La candidatura di Gianluigi Paragone a presidente della Commissione d’inchiesta sulle banche non piace a molti, non solo nel sistema bancario, ma anche dentro il governo, e in particolare nella Lega. Lui prova a rassicurare e detta la linea: “Non andrei certo lì a fare processi o a chiedere la testa di qualcuno. Ma neanche a fare lo zimbello di nessuno. Hanno paura di me? Ma se uno pensa alla tutela del risparmio e ai diritti del risparmiatore diventa pericoloso?”.
Gli ultimi rumors vedono in bilico la sua candidatura, con i presidenti delle Camere ostili, che fanno pressioni per individuare altri nomi di “tecnici”. Comunque vada, è più che probabile che la nomina slitti a dopo le Europee. Il suo curriculum, agli occhi del sistema delle banche e della finanza, non è certo un biglietto da visita graditissimo. Perché dopo aver vissuto diverse vite, Paragone ha virato negli ultimi anni verso un attacco frontale.

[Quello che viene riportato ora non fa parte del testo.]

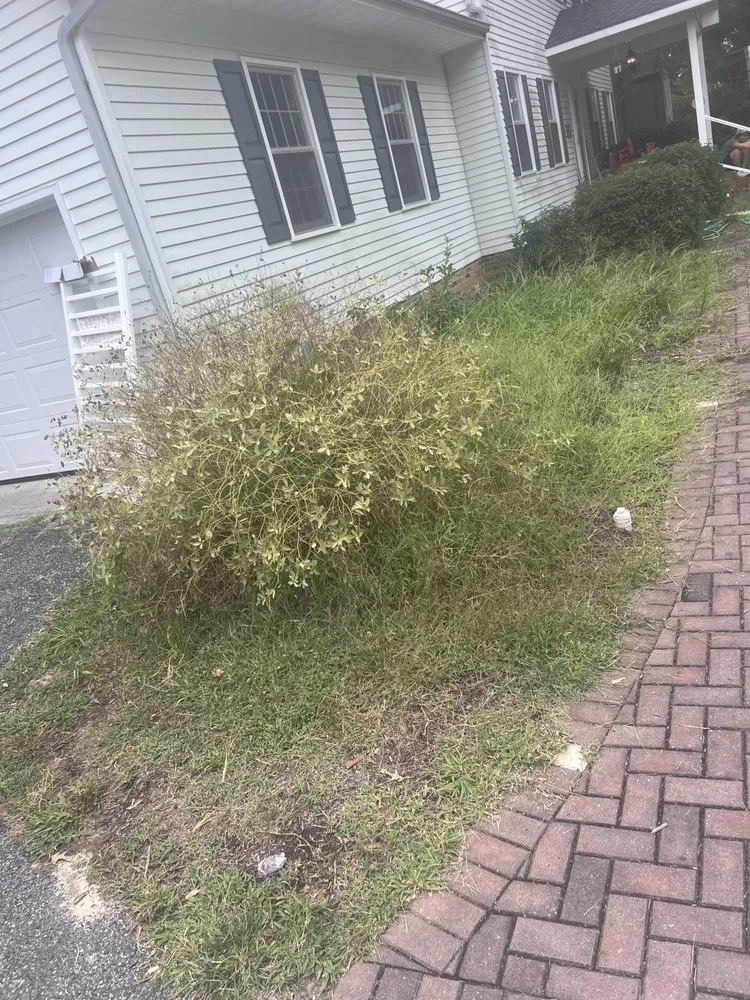 Professional garden landscaping in Salisbury, MD by J&H Landscaping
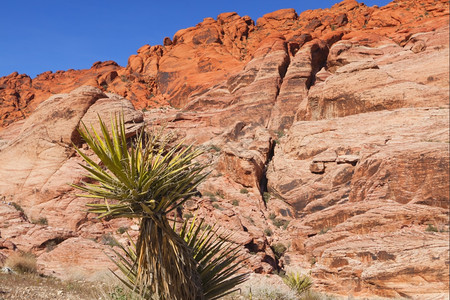 美国树观察Mojave沙漠红岩峡谷的干地和红岩形成情况砂图片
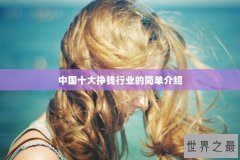 中国十大挣钱行业的简单介绍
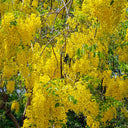 Golden Shower Tree, 10 Seeds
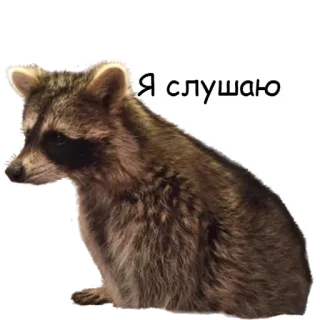 👂 44967194 Я слушаю 너구리, 동물, 듣기 telegram sticker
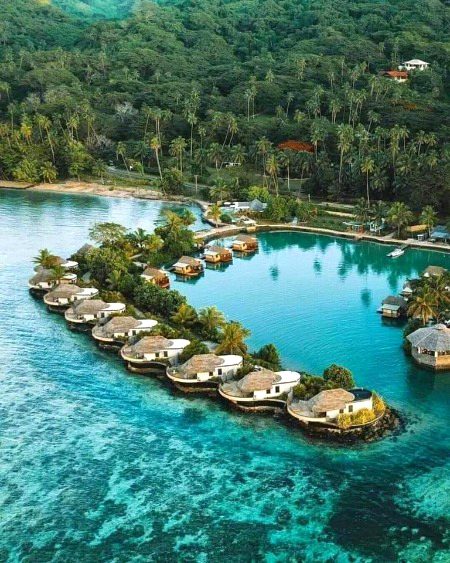 Beautiful nature💚💚💚🌲🌿🌴🍃🌳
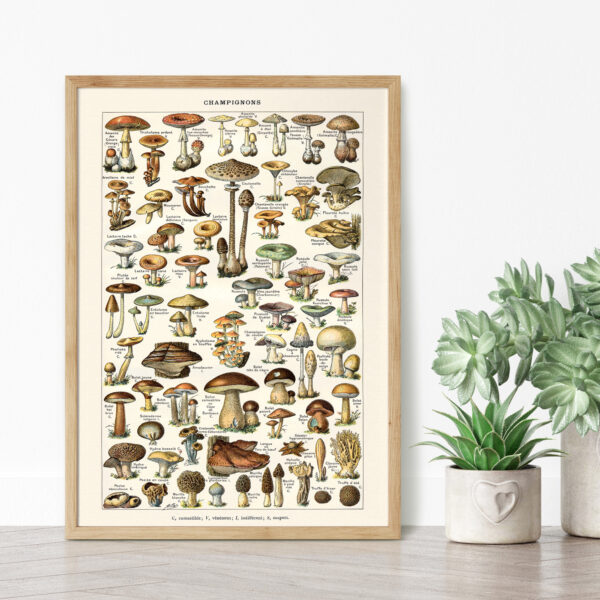 bibliografika-plakat-vintage-grzyby-champignons-04 Champignons - Grzyby – plakat vintage we wnętrzu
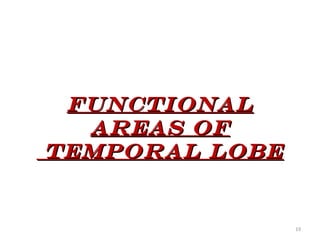 FUNCTIONAL
  AREAS OF
TEMPORAL LOBE


                19
 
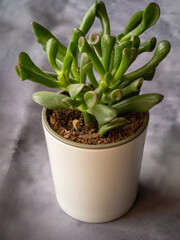 a green little flower in the home garden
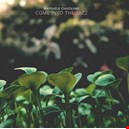 Raffaele Ciavolino 1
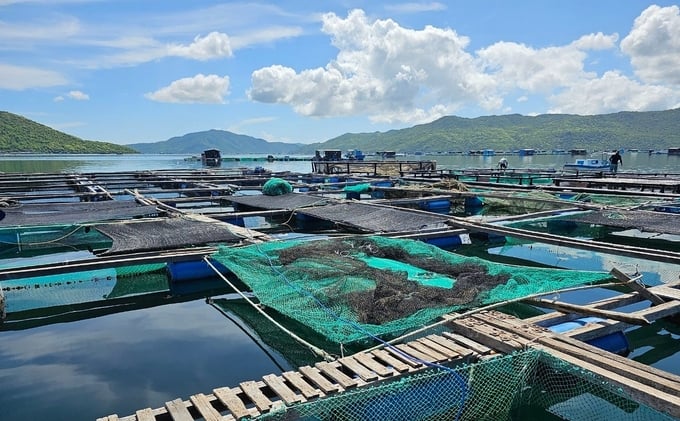 Aquaculture on Van Phong bay, Van Ninh district, Khanh Hoa province. Photo: KS.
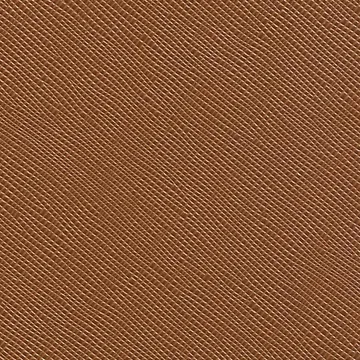 P75301-04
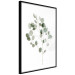 Wall Poster Silver Eucalyptus - simple composition with green leaves on a white background 137491 additionalThumb 16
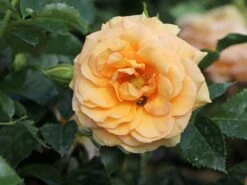 Zwerg-Kletterrose Starlet®-Rose 'Lizzy' ® 19 Zwerg-Kletterrose Starlet®-Rose 'Lizzy' ® -Günstiges Garten Zart Geschäft zwerg kletterrose starlet rose lizzy m094396 w 5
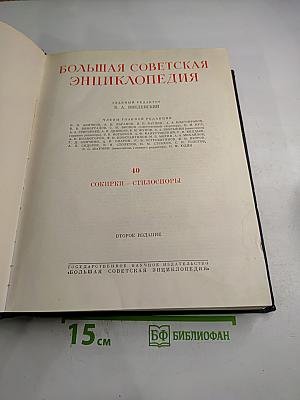 Большая Советская Энциклопедия. Том 40: Сокирки - Стилоспоры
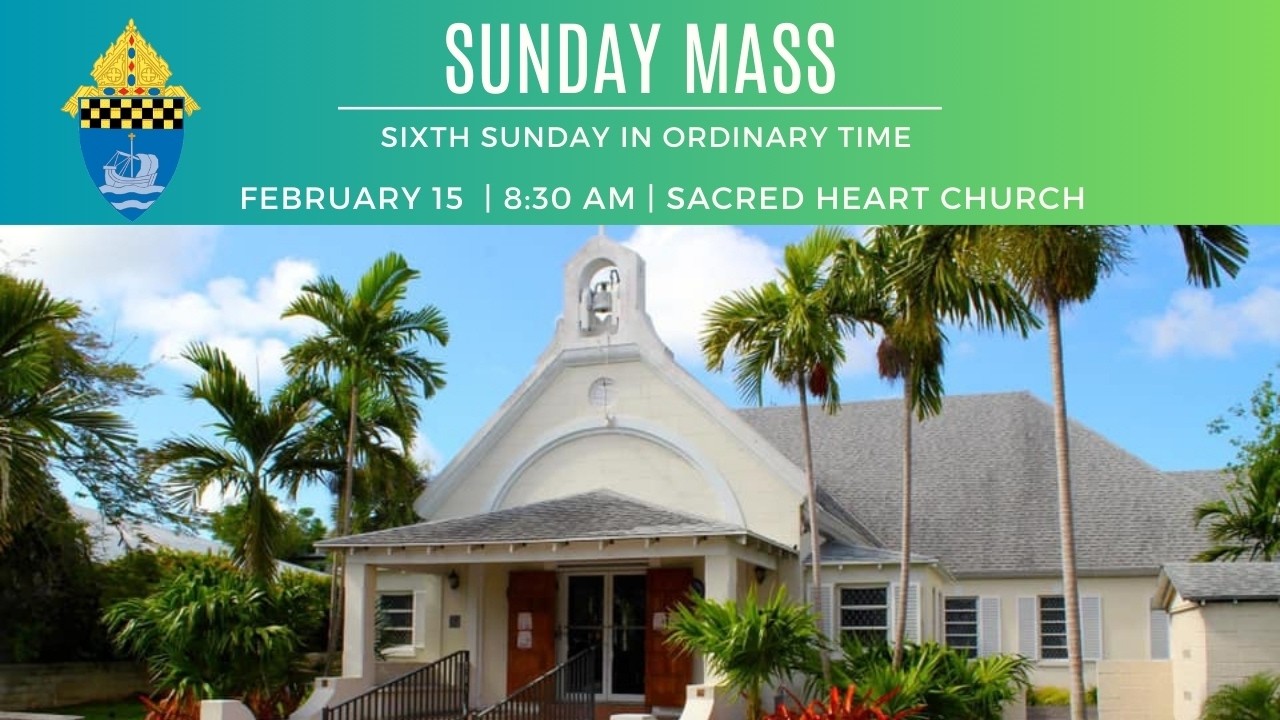Sunday Mass February 15 2026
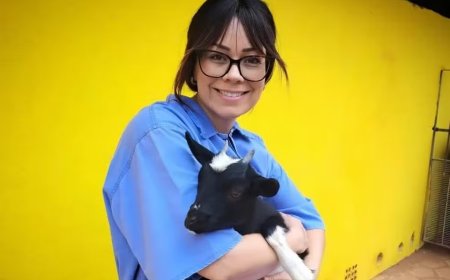 Tristeza: Estudante de veterinária, advogada e ciclista é atropelada e morre na rodovia BR-459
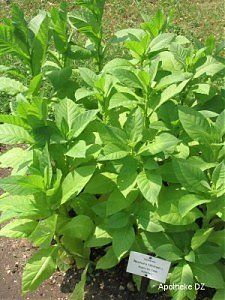 Bild Nr.1 zum Thema: Nicotiana Tabacum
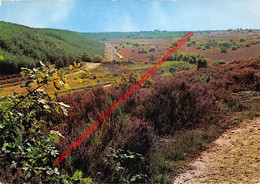 De Mechelse Heide Natuurreservaat - Maasmechelen - Maasmechelen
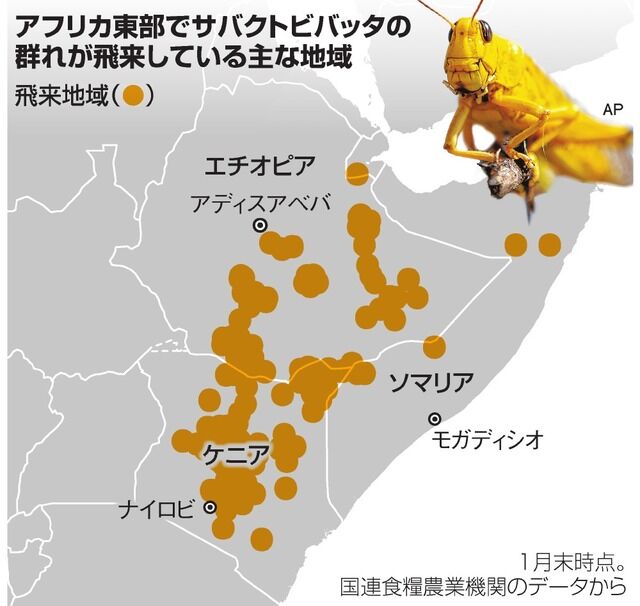 アフリカ バッタ危機 は謎だらけ 食べて解決できる サイクリング ウォーキング アフリカ バッタ危機 は謎だらけ 食べて解決できる サイクリング ウォーキング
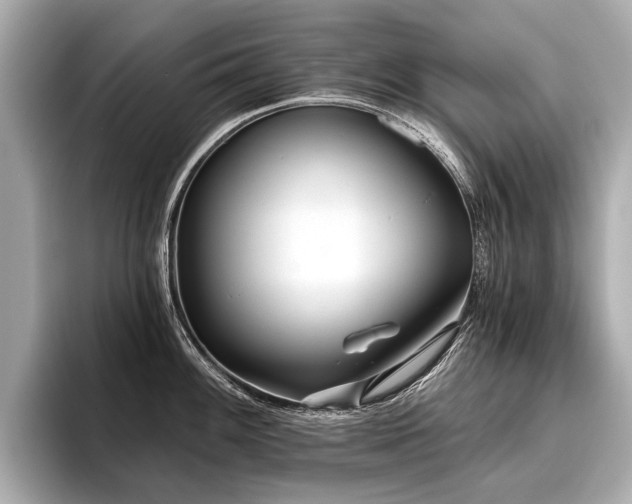 X0000096711100200802051416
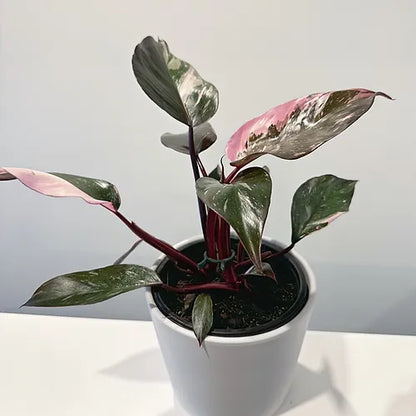 Philodendron 'Pink Princess'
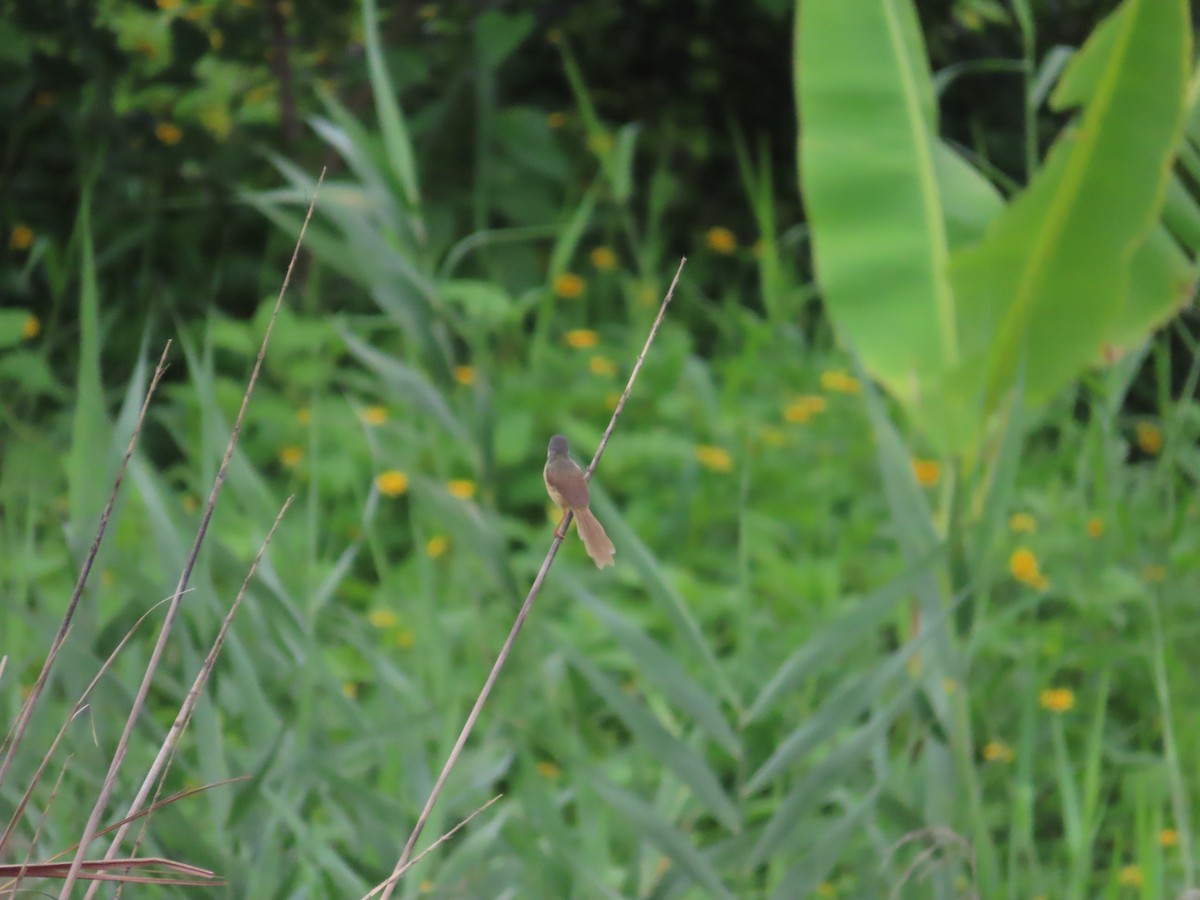 Yellow-bellied Prinia - 韋勳 陳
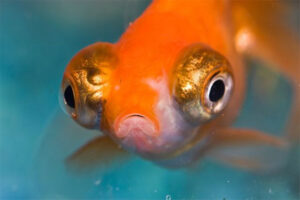 Мир глазами аквариумной рыбки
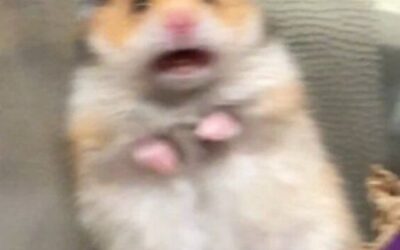 Puedo escuchar al ratón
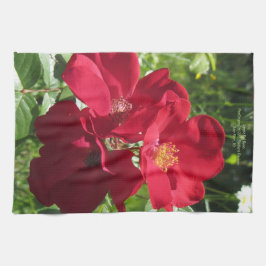 Einfache Rote Rosen Küchentuch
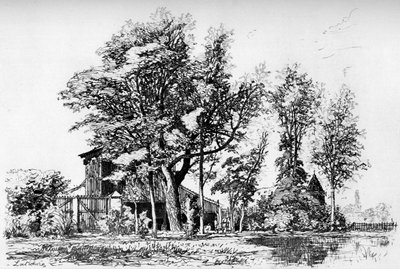 The Acacias, c1850-1895 1924 av Maxime Lalanne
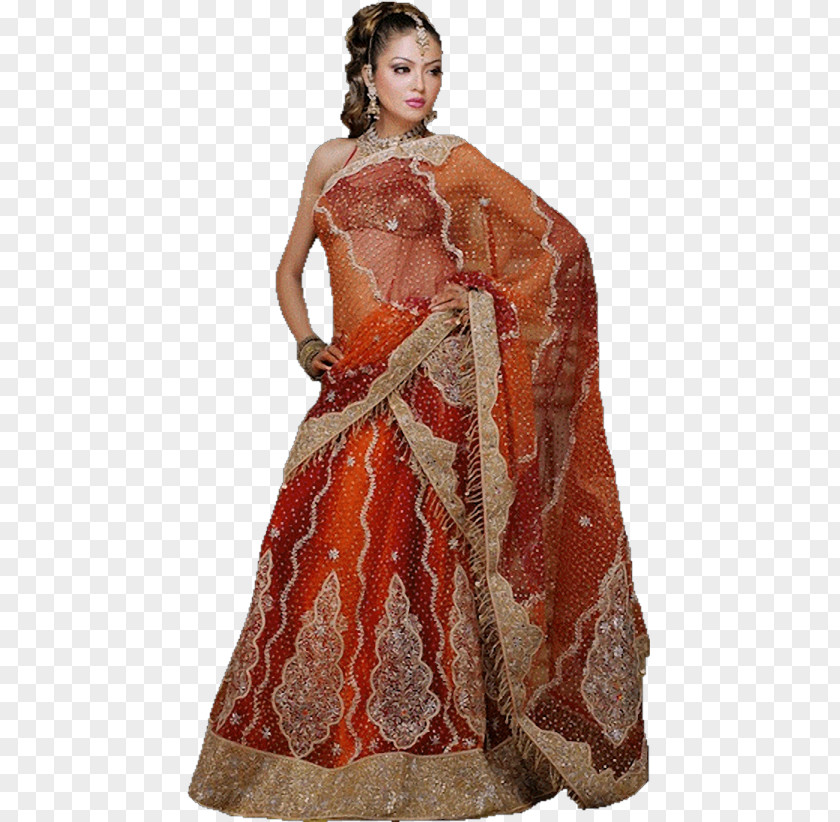 Dress Parul Chaudhary Choli Wedding Sari PNG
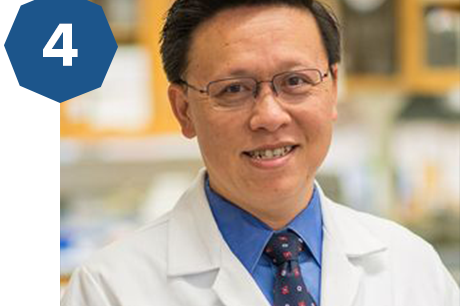 X. William Yang, MD, PhD - Medical School neuroscientist studying neurodegenerative diseases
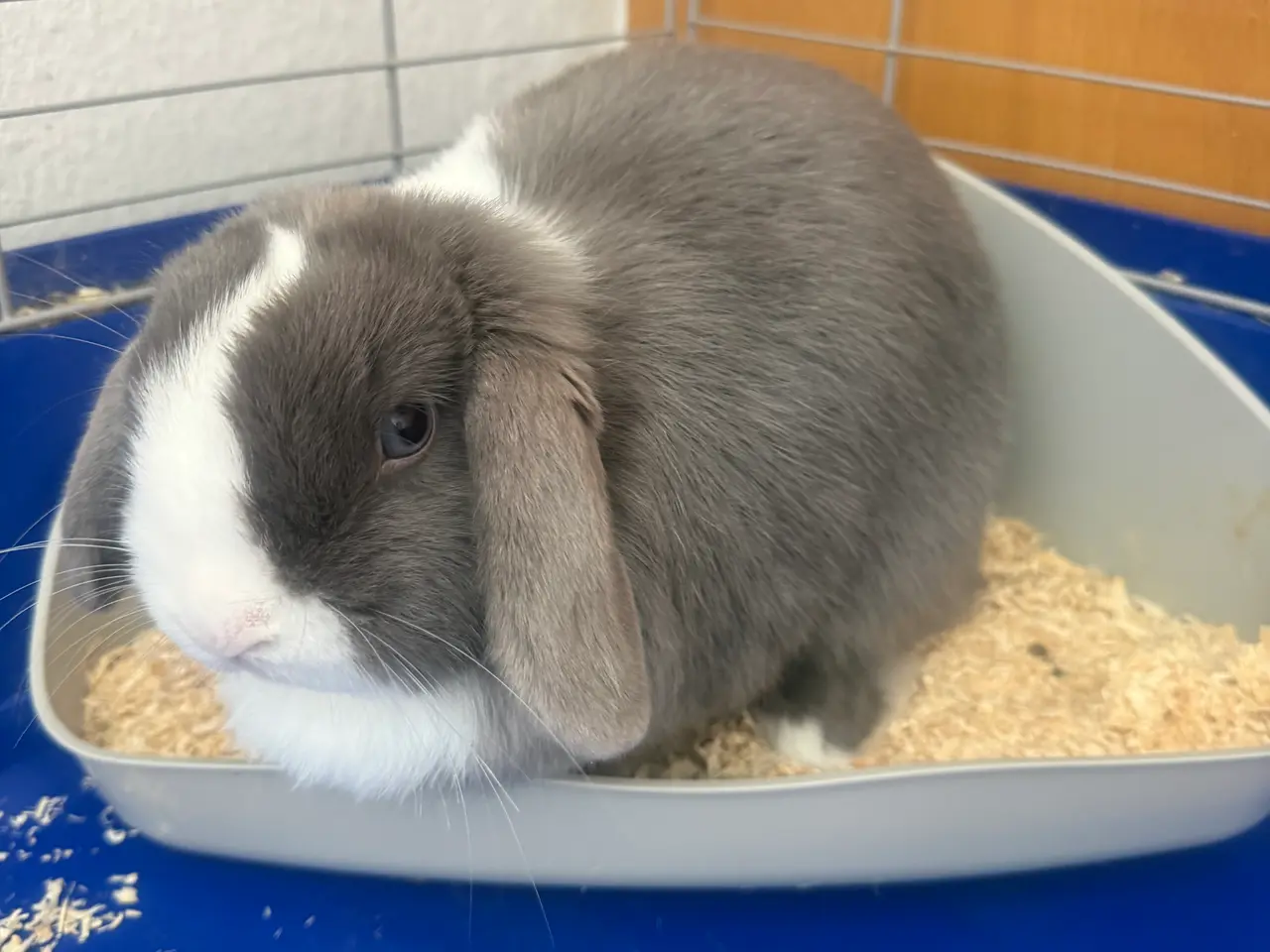 Billede 2 - Mini lop kanin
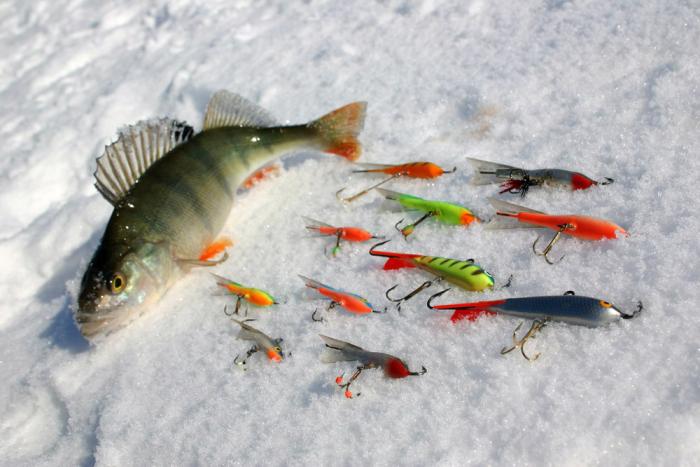 Результативная зимняя рыбалка для новичков: полезные советы (3 фото)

Dopo una carriera da giornalista, prima a Varese News, poi come direttore della Padania, si è mostrato sensibile alle idee dei 5 Stelle e, prima di candidarsi, ha segnato il suo percorso con una serie di programmi, e un libro, decisamente abrasivi. Idee che lo hanno aiutato a emergere ma che, a suo dire, lo hanno anche ostacolato: “In Rai — racconta spesso — ero un eretico, uno dei pochi a puntare il dito contro la malafinanza. A un certo punto, a L’Ultima parola mi dissero: forse è meglio se fai un programma da musicista”.
Ma Paragone non ci sta a va a La7: “Dopo un po’ mi hanno fermato anche alla Gabbia. Ho pagato cara la mia coerenza. E la sto pagando anche dopo il libro”. Il riferimento è al saggio “Gang Bank”, durissimo contro il sistema bancario e finanziario. Contro, citazione di Federico Caffè che ripete spesso, “gli incappucciati della finanza”. Il suo approccio è decisamente aspro: “Bisogna ribaltare il paradigma per cui il mercato ha sempre ragione e lo Stato no”.
“Credo che in politica ci siano molti ladri, ma nella finanza ci sono dei criminali”. Nel libro fa i nomi e attacca i politici “subalterni”. Non è un mistero che non corra buon sangue con il leghista Giancarlo Giorgetti, sospettato di rapporti troppo stretti con il governatore della Bce Mario Draghi. E Paragone negli ultimi giorni ha attaccato duramente il ministro Giovanni Tria: “In un governo politico c’è un unico ministro tecnocrate e sta vincendo. Perché sta bloccando i decreti attuativi per indennizzare i risparmiatori truffati dalle banche”.
Non fa troppi sconti neanche a Luigi Di Maio e Matteo Salvini, che avevano promesso di accelerare: “Sono stufo di abbaiare alla luna”. E quanto alla commissione ha spiegato: “Non sono sicuro che farò il presidente. Non vado lì senza vedere le carte delicate. Altrimenti siamo al tana liberi tutti”. E su Bankitalia: “Serve discontinuità”.